Research project International Human Rights Commitments deals with the “life” of an international human rights agreement concerning the Czech Republic (in comparison with other Visegrad countries, mostly with Slovakia). It tracks the reasons why the state signed and/or ratified selected international human rights treaties, and studies its performance during the negotiations. The project elaborates on the quantitative general overview concerning the Czech Republic and international human rights treaties and on the factors which influence behavior of the Czech Republic when (non)signing and/or (non)ratifying a treaty. The quantitative analysis regarding the most important human rights treaties is completed by data from other states of the Visegrád Group in order to compare performance of the Czech Republic in its Central European environs. The project further examines the compliance record of the Czech Republic with respect to selected treaties. Additionally, we seek to analyze how international treaties resonate in the public discourse. Finally, the project scrutinizes to what extent international human rights obligations are pursued in the Czech courts and to what extent Czech courts apply international human rights treaties and case law of the international human rights bodies or at least refer to them as a subsidiary element in reasoning.

Areas of Study

Commitment as a political decision of a state

Why do states ratify human rights treaties?
What kind of treaty and under what condition is the state most prone to ratify?
Who is the key decision maker in the signature/ratification process?
Do individual governments decide to commit to treaties close to their ideological position? (i.e. leftist parties more social-rights treaties?) 

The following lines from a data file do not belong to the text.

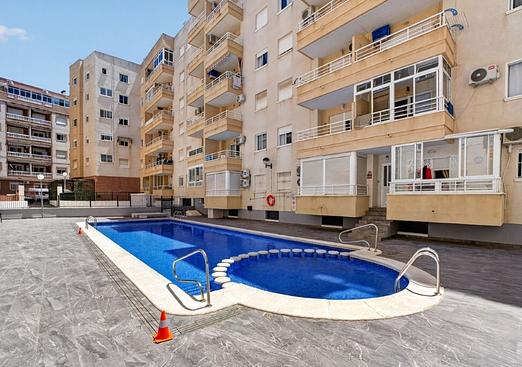 Apartment in Torrevieja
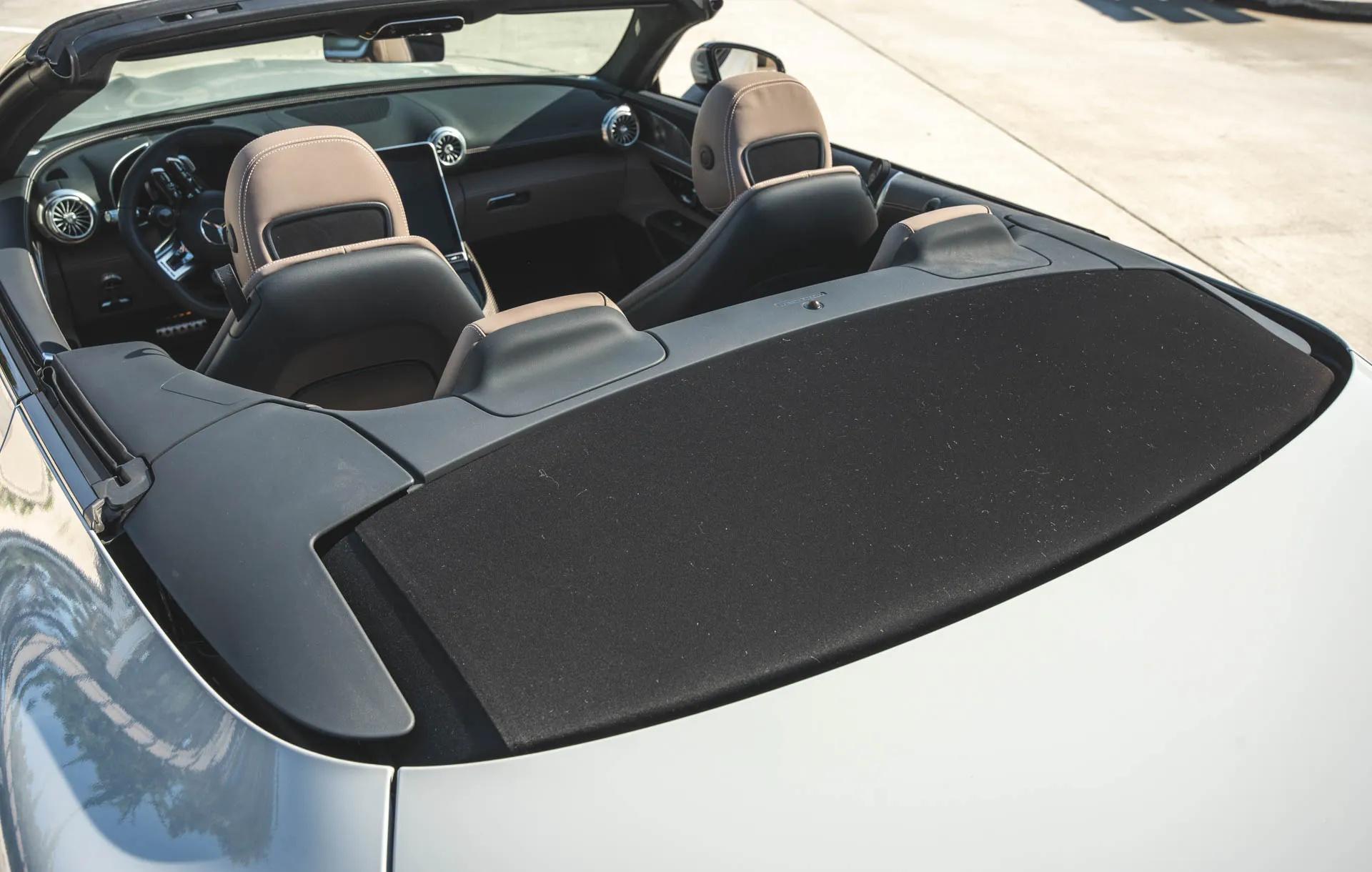2022 Mercedes-AMG SL55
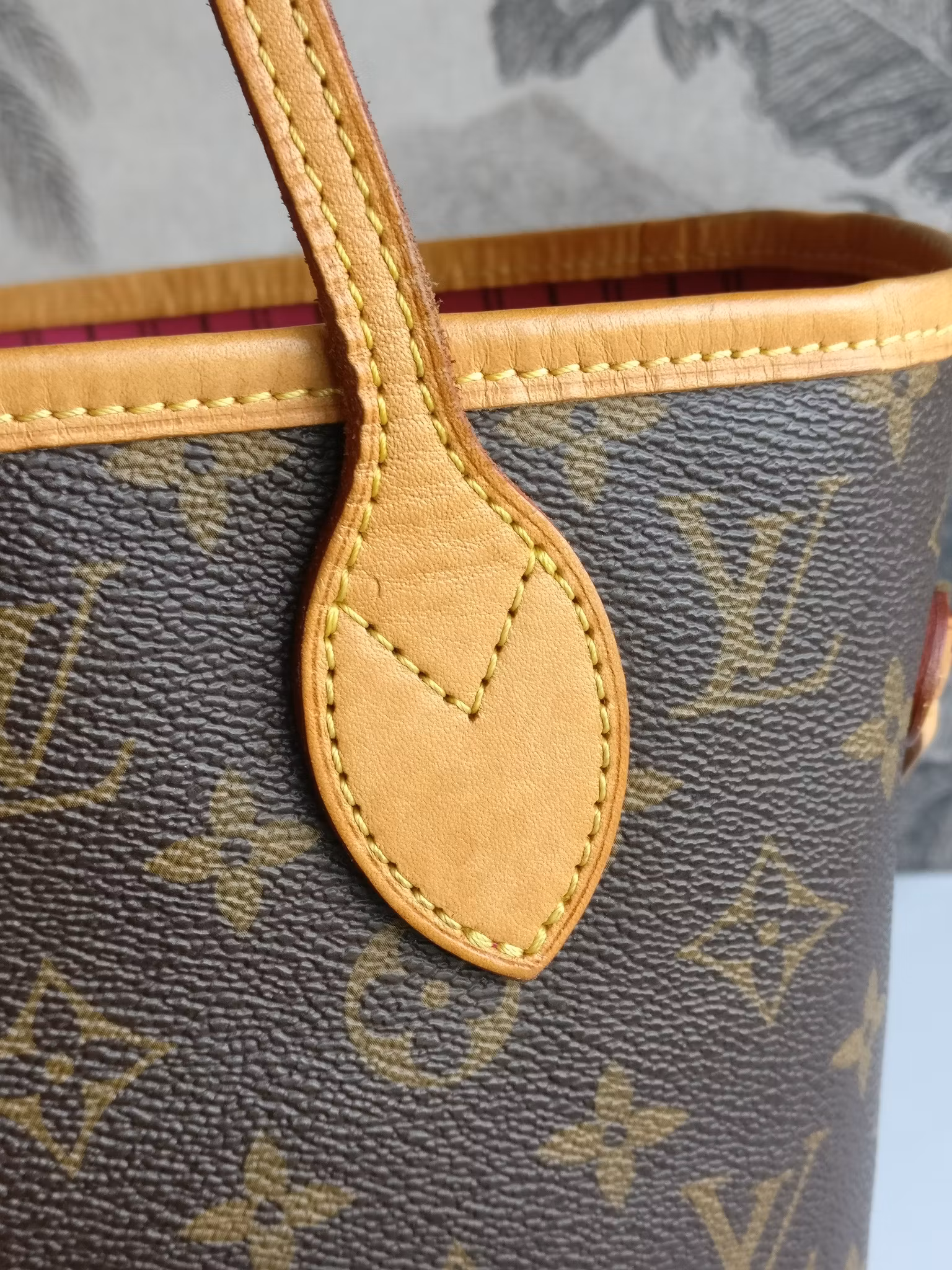 Louis Vuitton Neverfull MM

Application of International Treaties before the Courts

The subsequent part of the project examines the significance of international treaties in the case law of the highest Czech judicial bodies: the Constitutional Court, the Supreme Court, and the Supreme Administrative Court. We search for application of and references to international human rights treaties and case law of international human rights bodies in the judgments of the highest Czech courts. Again, a dataset covering various factors of references (intensity of a reference; a treaty or a body referred to; complicity with the foreign bodies’ case law; year of reference; referring institution; referring chamber; referring judge-rapporteur; a right in question etc.; success of the applicant) is going to be created in order to define conditions under which references are the most or least likely.
Do courts refer to signed, but not yet ratified treaties? If so, is it possible to say that they overtake possition of other branches of government?
Do courts refer to international treaties ratified, but not yet fully implemented in the CR?
It shall be also determined to what extent references to the international treaties and/or case-law are used by the highest courts as a strategic tool in order to strike down governmental policy.

Reservations to Human Rights Treaties

A special part of the project deals with the practice of reservations to human rights treaties. The analysis follows the pattern developed in previous portions – a comprehensive quantitative description of the issue at hand is complemented by a qualitative part based especially on the content of the reservations and interviews which will attempt to find motives for the adoption of reservations. The research shall determine how frequently the CR employs reservations to human rights treaties, what type of reservations to what types of treaties and provisions it uses and how these categories change over time. Another question asks if the reservations are then put into the practice in the CR and if courts follow the reservations or are rather willing to apply treaties in their entirety.